Action item ▸ In the entries below, begin at the line that has "Ford Grand Tourneo", stop after the line that has "(Reprodução/Facebook)", and output those lines exactly with no pictures.

Given data ▸
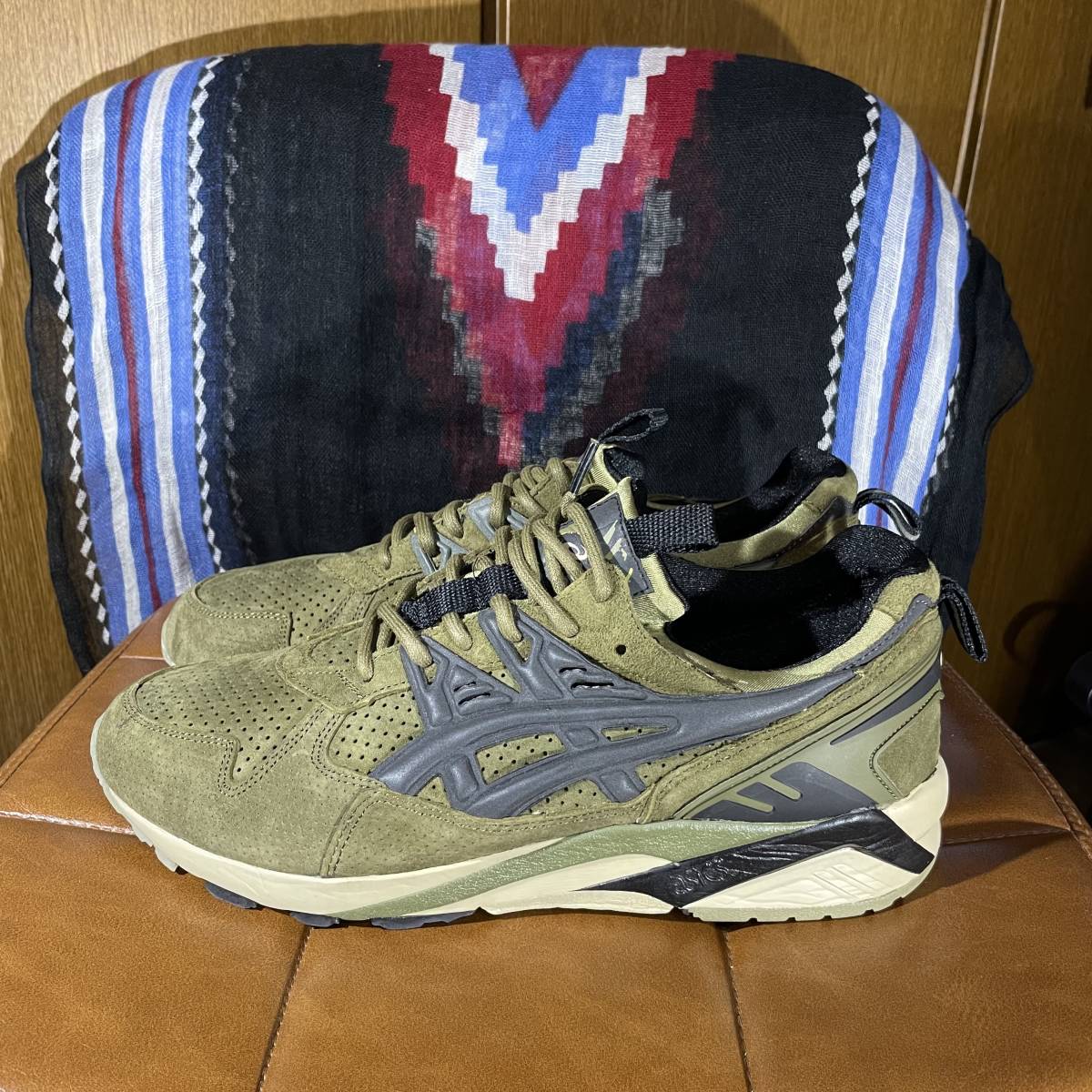 excusa estrategia Fructífero 新品 未使用品 asics x footpatrol gel kayano 27 5cm US 9 5 EU 43 5 アシックス フットパトロール  kith END hanon atmos lyte｜PayPayフリマ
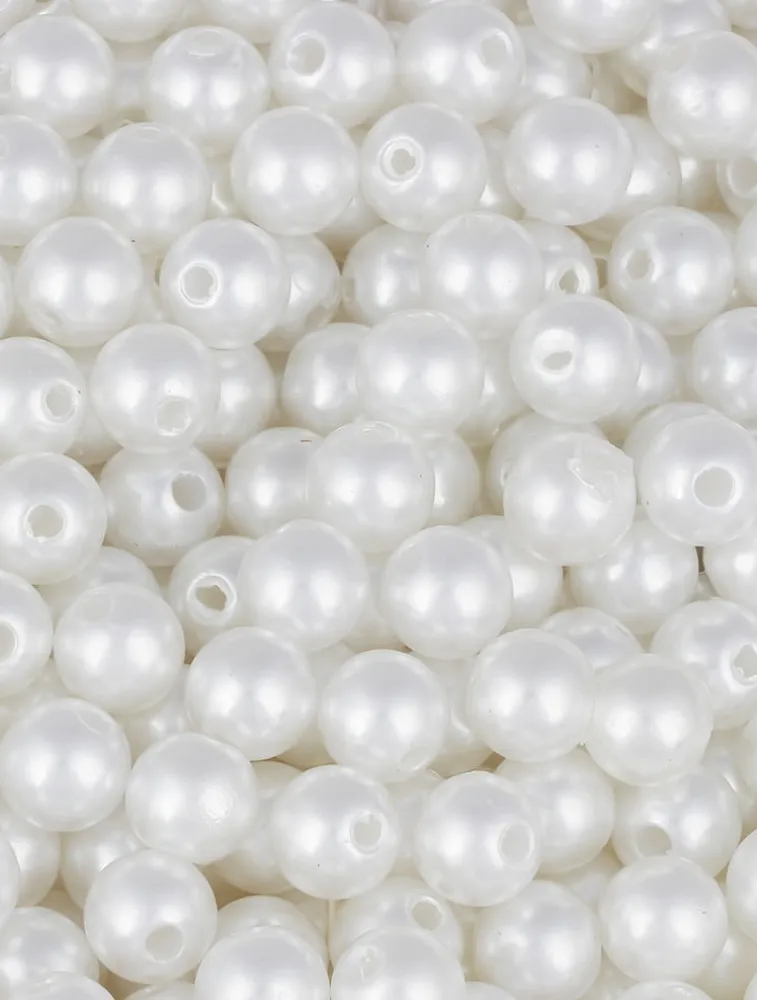 BCO. PEROLA TRAMA 10MM 500G 100%ABS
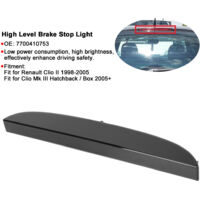 Feu Stop Arrière Haute Luminosité 7700410753 pour Renault Clio - Noir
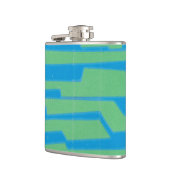 Moderne circuit V Heupfles (Links)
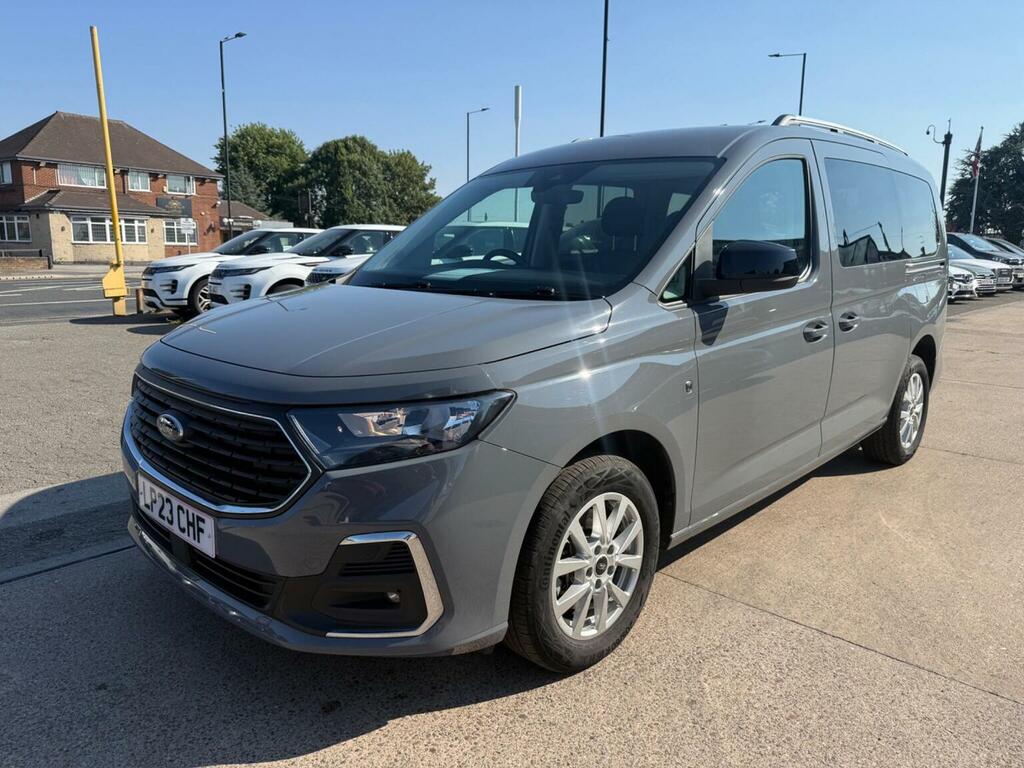 Ford Grand Tourneo Connect 2.0 Ecoblue Titanium Euro 6 Ss Grey #6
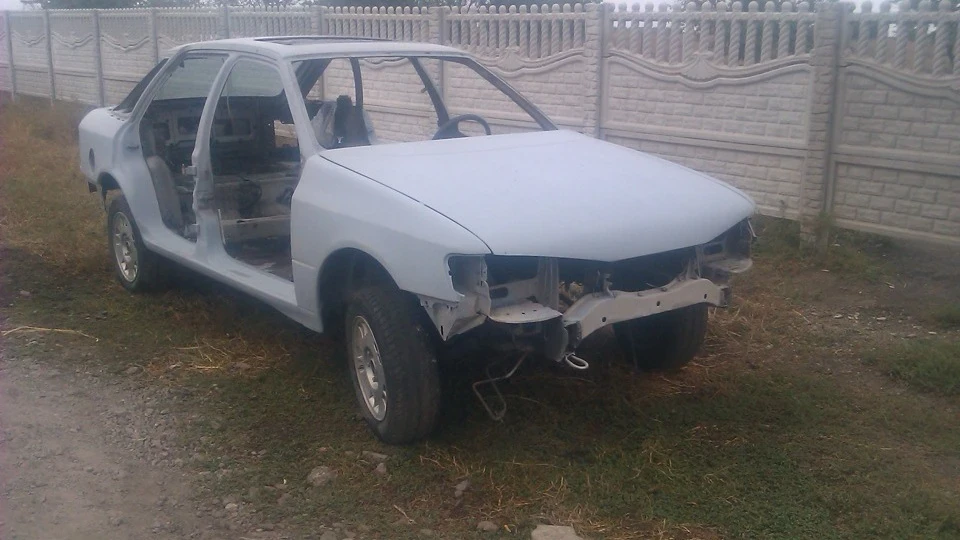 Ford Scorpio Хижак 4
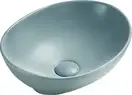 Mexen Elza Умивальник накладний, зелений матовий (MEX-21014048)
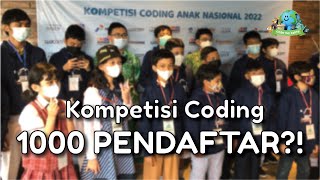 Kompetisi Coding Anak Nasional 2022 quotCode The Earthquot [upl. by Tatia]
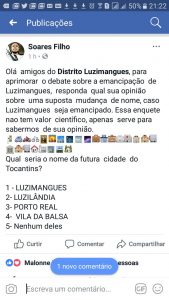 (Reprodução/Facebook)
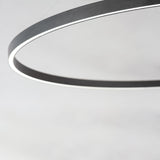Groove WiZ Groove LED Pendant WiZ by ET2 - 23.5 Inch Black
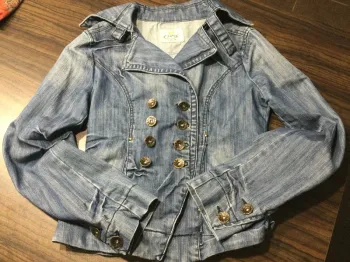 Veste en jeans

Reply to the exercise ▸
 Ford Grand Tourneo Connect 2.0 Ecoblue Titanium Euro 6 Ss Grey #6
 Ford Scorpio Хижак 4
 Mexen Elza Умивальник накладний, зелений матовий (MEX-21014048)
 Kompetisi Coding Anak Nasional 2022 quotCode The Earthquot [upl. by Tatia]
 (Reprodução/Facebook)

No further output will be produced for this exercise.